Entonces, a la desesperada, los murcianos trataron de impedir la
ejecución de la disposición pontificia, pero lo único que
consiguieron fue retrasar el acto de institución del obispado.
Superada esta oposición, el 1 de mayo de 1565 se procedió a la
lectura solemne de las bulas en la nueva Catedral del Salvador. Y
alegres como nunca antes lo habían estado, los habitantes de la
ciudad del Bajo Segura asistieron a la creación del obispado de
Orihuela.
Unos meses más tarde, el 22 de agosto de ese mismo año, y a
suplicación de Felipe II, el papa Pío IV nombró al primer obispo de
la nueva diócesis oriolana. El elegido para tal honor fue D.

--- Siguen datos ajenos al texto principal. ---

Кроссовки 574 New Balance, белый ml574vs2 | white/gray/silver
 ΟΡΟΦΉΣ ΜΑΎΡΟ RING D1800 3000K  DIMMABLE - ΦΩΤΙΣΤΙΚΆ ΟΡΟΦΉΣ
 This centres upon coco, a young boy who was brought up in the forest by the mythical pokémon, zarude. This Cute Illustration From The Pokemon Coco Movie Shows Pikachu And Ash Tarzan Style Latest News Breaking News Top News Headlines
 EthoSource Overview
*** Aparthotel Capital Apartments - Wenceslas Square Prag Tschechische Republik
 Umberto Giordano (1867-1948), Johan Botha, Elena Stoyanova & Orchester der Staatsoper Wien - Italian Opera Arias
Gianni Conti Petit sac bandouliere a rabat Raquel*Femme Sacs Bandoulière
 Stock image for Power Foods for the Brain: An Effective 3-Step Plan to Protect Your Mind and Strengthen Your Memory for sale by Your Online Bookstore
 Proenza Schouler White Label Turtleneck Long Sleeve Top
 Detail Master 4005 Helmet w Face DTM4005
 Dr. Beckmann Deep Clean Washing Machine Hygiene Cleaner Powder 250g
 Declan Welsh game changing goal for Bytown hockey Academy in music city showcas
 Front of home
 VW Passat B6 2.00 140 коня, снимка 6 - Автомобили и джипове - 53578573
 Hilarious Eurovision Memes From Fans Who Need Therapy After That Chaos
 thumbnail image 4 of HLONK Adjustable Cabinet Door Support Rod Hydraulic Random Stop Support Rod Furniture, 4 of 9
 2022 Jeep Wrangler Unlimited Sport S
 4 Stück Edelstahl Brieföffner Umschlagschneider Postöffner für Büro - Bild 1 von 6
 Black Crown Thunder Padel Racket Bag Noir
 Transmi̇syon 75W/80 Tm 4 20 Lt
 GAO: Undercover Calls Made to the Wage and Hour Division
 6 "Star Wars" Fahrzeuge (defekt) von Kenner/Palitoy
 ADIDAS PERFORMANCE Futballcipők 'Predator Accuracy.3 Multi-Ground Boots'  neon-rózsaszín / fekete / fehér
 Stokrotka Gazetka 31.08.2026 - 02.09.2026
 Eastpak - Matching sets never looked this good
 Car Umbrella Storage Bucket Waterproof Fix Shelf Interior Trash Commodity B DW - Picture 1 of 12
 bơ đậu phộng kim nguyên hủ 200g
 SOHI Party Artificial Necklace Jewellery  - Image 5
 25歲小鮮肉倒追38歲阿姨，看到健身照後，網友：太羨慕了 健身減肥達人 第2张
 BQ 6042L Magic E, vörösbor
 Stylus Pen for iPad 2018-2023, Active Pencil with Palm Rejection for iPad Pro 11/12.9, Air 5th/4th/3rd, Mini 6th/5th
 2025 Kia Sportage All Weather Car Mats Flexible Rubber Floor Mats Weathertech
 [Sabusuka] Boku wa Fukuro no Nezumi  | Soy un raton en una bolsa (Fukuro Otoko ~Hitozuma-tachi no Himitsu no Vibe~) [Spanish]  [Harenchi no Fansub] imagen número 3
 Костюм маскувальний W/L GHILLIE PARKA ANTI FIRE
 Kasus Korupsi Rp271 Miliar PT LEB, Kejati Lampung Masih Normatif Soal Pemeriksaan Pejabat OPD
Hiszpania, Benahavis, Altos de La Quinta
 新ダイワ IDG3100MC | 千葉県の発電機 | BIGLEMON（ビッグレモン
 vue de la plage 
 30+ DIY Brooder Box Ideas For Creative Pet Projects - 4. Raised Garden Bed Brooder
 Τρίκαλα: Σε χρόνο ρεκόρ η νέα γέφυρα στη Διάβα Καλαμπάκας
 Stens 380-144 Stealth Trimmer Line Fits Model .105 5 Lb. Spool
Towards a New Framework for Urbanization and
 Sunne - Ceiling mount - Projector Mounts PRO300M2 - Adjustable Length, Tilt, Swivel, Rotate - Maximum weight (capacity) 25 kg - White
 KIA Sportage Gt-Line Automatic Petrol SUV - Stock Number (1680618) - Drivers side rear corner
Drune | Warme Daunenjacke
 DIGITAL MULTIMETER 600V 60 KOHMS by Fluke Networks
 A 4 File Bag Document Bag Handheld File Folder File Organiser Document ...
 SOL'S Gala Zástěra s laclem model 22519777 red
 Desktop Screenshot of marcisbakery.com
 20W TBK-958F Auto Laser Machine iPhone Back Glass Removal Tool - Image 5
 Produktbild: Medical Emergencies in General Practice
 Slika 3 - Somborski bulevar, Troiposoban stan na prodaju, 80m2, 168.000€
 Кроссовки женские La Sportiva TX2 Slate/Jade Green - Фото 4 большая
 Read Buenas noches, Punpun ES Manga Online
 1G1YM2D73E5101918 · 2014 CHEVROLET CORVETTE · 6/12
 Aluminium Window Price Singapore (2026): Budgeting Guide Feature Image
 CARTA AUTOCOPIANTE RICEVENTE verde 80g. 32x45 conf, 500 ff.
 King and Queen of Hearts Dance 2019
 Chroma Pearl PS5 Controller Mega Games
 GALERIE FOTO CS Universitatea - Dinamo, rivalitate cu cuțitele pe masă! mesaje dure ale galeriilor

Gregorio Antonio Gallo de Andrade, un catedrático de Biblia de la
Universidad de Salamanca, que había participado en el Concilio de
Trento, y que además era el confesor de la reina Isabel de Valois,
tercera esposa del Rey Prudente. Gallo tomó posesión del obispado el
23 de marzo de 1566. Tras él han sido nombrados posteriormente
muchos otros obispos a lo largo de más de cuatro siglos, perpetuando
una saga que ha llegado a nuestros días.